M. Bruno Retailleau. C’est clair !
M. François Zocchetto. De la même manière, la discussion générale ne doit pas être l’occasion d’entrer dans le détail de tel ou tel amendement : la discussion des articles est faite pour cela ! Ou alors, autant supprimer la discussion des articles…
Cette proposition de résolution va donc dans le bon sens.
Je dirai quelques mots sur les dispositions visant à améliorer la présence des sénateurs. Jacques Mézard vient d’en parler, aucun d’entre nous n’est doté du don d’ubiquité. Au vu du chevauchement des emplois du temps et de la multiplication des réunions, il est en effet souvent difficile pour les sénateurs et sénatrices de bonne foi d’exercer pleinement la mission qui leur est confiée.
Nous sommes donc souvent dans l’impossibilité matérielle de répondre à tous nos engagements. Jean-Jacques Hyest a cité un exemple. Pour ma part, j’ai encore en mémoire l’agenda de mardi dernier : la commission des lois se réunissait de façon très studieuse pour établir son texte sur la réforme du droit d’asile alors que, dans le même temps, en séance publique, était examiné le projet de loi Macron pour la croissance, l’activité et l’égalité des chances économiques. Comment faire, dans ce cas ? Nous ne pouvons pas nous couper en deux… (Mme Isabelle Debré opine.)
M. Charles Revet. C’est vrai !
M. François Zocchetto. Nous avons tous vécu des situations similaires ces derniers temps. Il faut donc corriger le tir en utilisant les méthodes modernes de communication et de gestion des agendas, afin de permettre à chacun d’honorer ses engagements.
Le texte que nous examinons cet après-midi prévoit des sanctions financières pour les sénateurs qui seraient absents de manière récurrente. L’absentéisme est un sujet douloureux, mais fort heureusement il ne concerne que très peu d’élus. Néanmoins, c’est une question qu’il ne faut pas occulter.
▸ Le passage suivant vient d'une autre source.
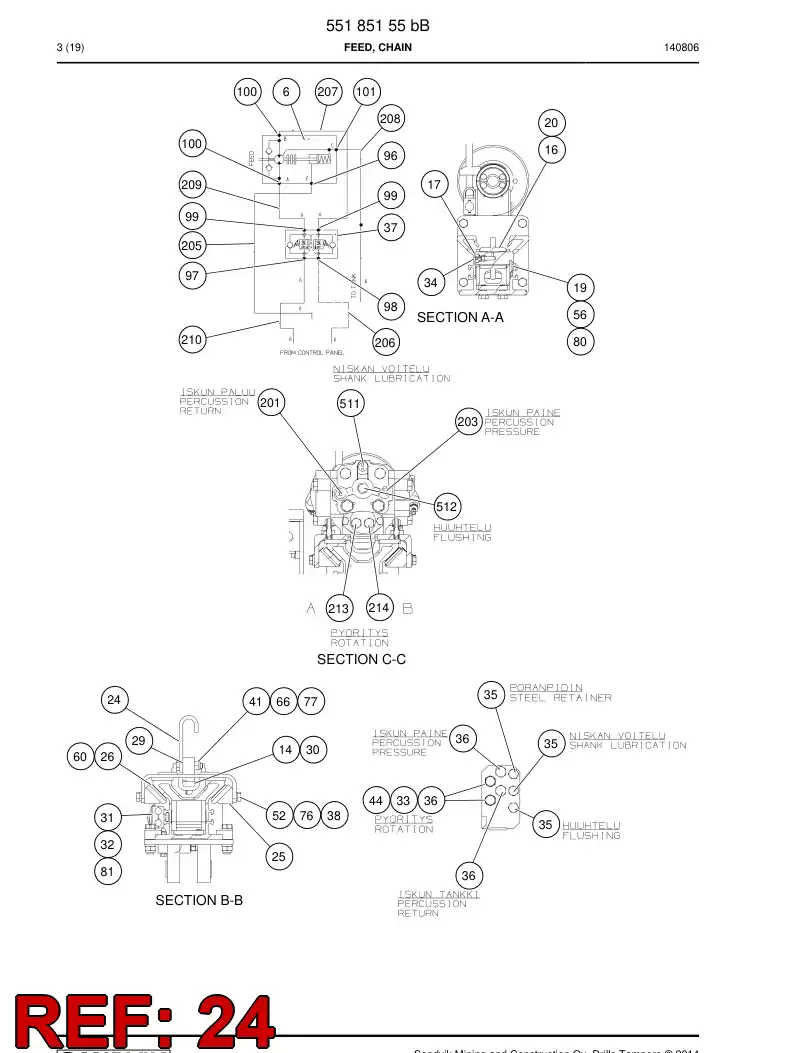 14366508a 143 665 08a Centralizer, Travelling - Sandvik Technical Drawing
J’observe que toutes les collectivités territoriales cherchent actuellement à mettre en place des mécanismes de sanctions, qu’il s’agisse des conseils départementaux ou des conseils régionaux, qui l’ont envisagé un peu plus tôt que les autres. Reconnaissons-le, mes chers collègues, c’est un aveu d’échec ! Comment peut-on se présenter à une élection pour ensuite ne pas accomplir le travail pour lequel on a été désigné ?
Quoi qu’il en soit, la nature humaine étant ce qu’elle est et les échéances électorales ne revenant que tous les cinq ou six ans, voire davantage, il nous faut agir, tant l’absentéisme a un effet déplorable sur l’image et la crédibilité de notre institution. Nous approuvons donc également ce mécanisme de sanctions, même si nous observons qu’il ne suffira pas à lui seul à corriger les travers de certains.
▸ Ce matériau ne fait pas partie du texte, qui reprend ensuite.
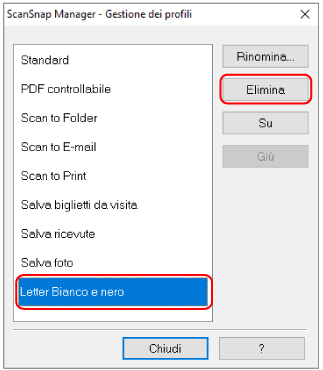 ScanSnap Manager - Gestione dei profili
La présente résolution vise également à améliorer la gouvernance de la Haute Assemblée. L’article 2 de la présente proposition de résolution prévoit que les groupes politiques créés au sein du Sénat devront désormais se constituer sous forme d’association. C’est une mesure à laquelle je suis favorable.
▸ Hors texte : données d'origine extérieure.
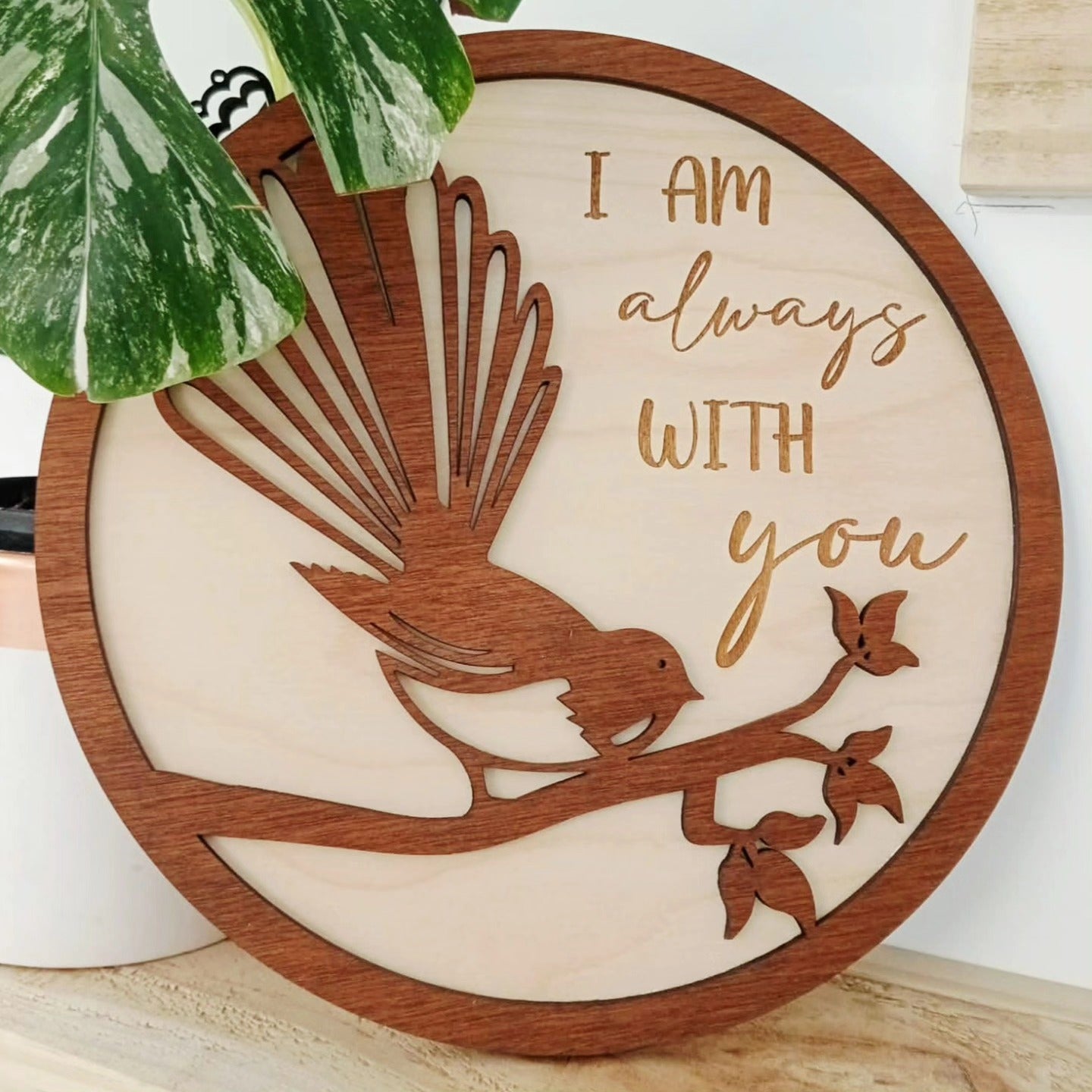 Wooden Fantail Memorial Plaque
En tant que président de groupe, j’ai pu mesurer toute la difficulté qu’il y avait à gérer une structure dépourvue de la personnalité morale. Il nous faut, pour la gestion de nos affaires courantes, notamment de nos collaborateurs, un statut juridique précis. Pour ma part, je suis satisfait que la forme associative pour la gestion des groupes soit retenue. Elle nous permettra de mieux encadrer les dépenses nécessaires pour notre activité et pour la rémunération de nos collaborateurs. Une telle mesure va dans le sens de la transparence.
Bien évidemment, des questions restent en suspens. Certaines seront réglées dans d’autres lieux, notamment par le bureau du Sénat, voire dans d’autres textes. Néanmoins, un certain nombre d’entre elles resteront posées.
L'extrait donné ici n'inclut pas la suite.